For those confused words....
Hari ini aku agak sedikit bingung. Aku bingung dengan apa yang aku bingungkan. Pernah dengar seseorang bisa kehilangan kontrol karena kebingungan? Kurasa tidak. Aku normal – sangat normal. Pulang kantor menjelang maghrib, mandi, nulis cerita/internetan/nonton Star Movie/Metro TV/TV One/kadang ANTV.
Lantas apa yang membuatku bingung? Aku sedang berusaha mencari tahu.
Kuliahku yang belum jalan? Err...bisa jadi. Tapi aku tak terlalu memusingkan hal yang satu ini. Aku kan memang selalu ketinggalan kuliah, makanya belum lulus-lulus sampai sekarang.
Kehabisan ide menyelesaikan cerpenku? Itu memang selalu aku alami sejak pertama aku menulis cerpen – jaman SD. Tak masalah, segelas jus nangka di Lalong akan membantuku.

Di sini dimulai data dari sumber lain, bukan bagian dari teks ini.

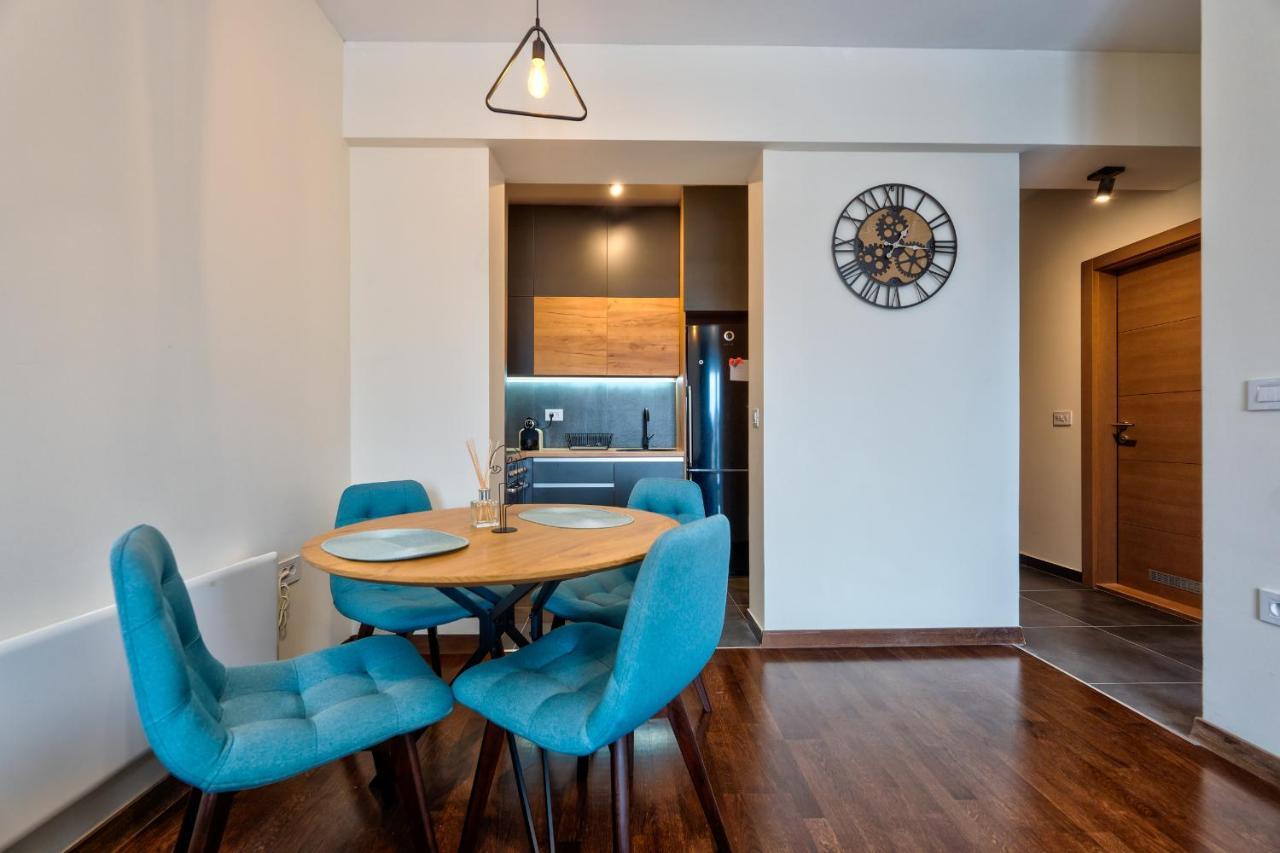 Apartman 41 Zlatibor Kültér fotó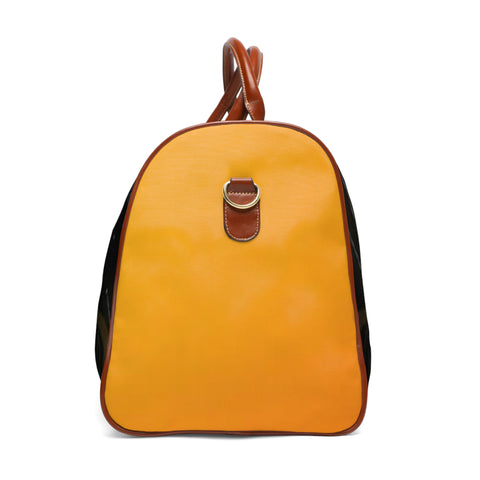 Waterproof  HIP HOP ART  Travel Bag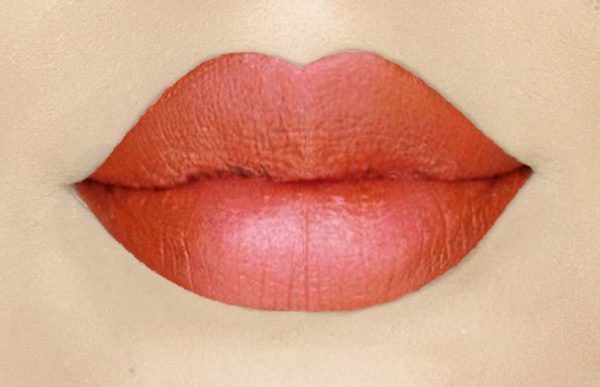 Long Lasting Liquid Lipstick - Spell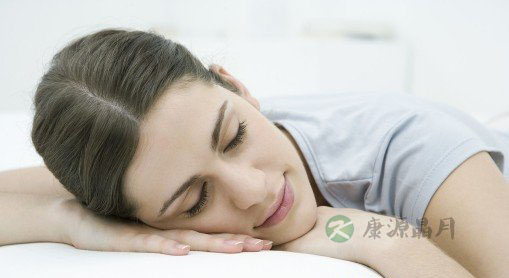 女人睡眠小心五要命误区 女人睡眠小心五要命误区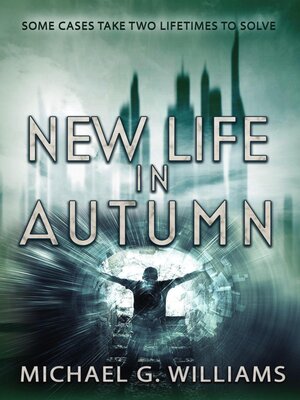 cover image of New Life in Autumn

Aku pernah baca karya seorang temanku, Melati – namanya disamarkan. Dia menulis, aku lupa artikel atau cerpen, dan memesonaku. Kata-kata yang dia gunakan sangat indah dan terangkai dengan baik. Sesaat aku iri, sangat. Aku tak pernah bisa menulis dengan baik, kalimatku amburadul, bahkan plot cerpenku tak jelas.
Setelah itu? Aku mencoba menulis sebuah cerita yang lebih baik, sayangnya tak ada kemajuan. Aku jadi bertanya-tanya, apa bakatku sebenarnya? Jangan-jangan aku seperti Hermes, salah seorang dewa Olympia yang bisa melakukan banyak hal tapi tak ada satupun yang dapat dia lakukan dengan baik. Aku berpikir seperti itu setelah membaca novel Percy Jackson and The Lightning Tief, lupakan.

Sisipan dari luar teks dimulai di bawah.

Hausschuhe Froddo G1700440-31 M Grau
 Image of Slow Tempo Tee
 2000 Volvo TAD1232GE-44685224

Waktu aku kecil, aku pernah membaca sebuah cerpen tentang kisah seorang anak yang hanya punya kemampuan rata-rata. Kalian tahu apa yang ibunya lakukan untuk menghiburnya? Ibunya memberi kartu bergambar seorang anak gadis – dia sendiri – yang melayang-layang di antara tanah dan langit. Di atas kepalanya ada bintang, dan di tanah di bawahnya terlihat gambar seekor cacaing. Aku berasumsi dia melayang di udara bawah langit. Ibunya menulis di kartu itu kurang lebih seperti ini (aku lupa kalimat pastinya) : dengan menjadi anak rata-rata, kau bisa meraih bintang di langit dan mengambil cacing di tanah.
Apa yang aku pikirkan saat itu?
Aku pikir ibunya seorang yang hebat dalam mendidik anak. Tapi aku tetap kasihan pada anak itu, dia tampak seperti anak kecil labil yang tak yakin harus meraih apa. Bintang di langit atau cacing di tanah?
Aku jelas-jelas seperti itu. Mungkin aku bisa melakukan banyak hal, tapi tak ada satupun yang bisa aku lakukan dengan baik. Membuatku sering bertanya, apa sebenarnya yang bisa aku lakukan dengan baik? Satu hal saja, tak perlu banyak.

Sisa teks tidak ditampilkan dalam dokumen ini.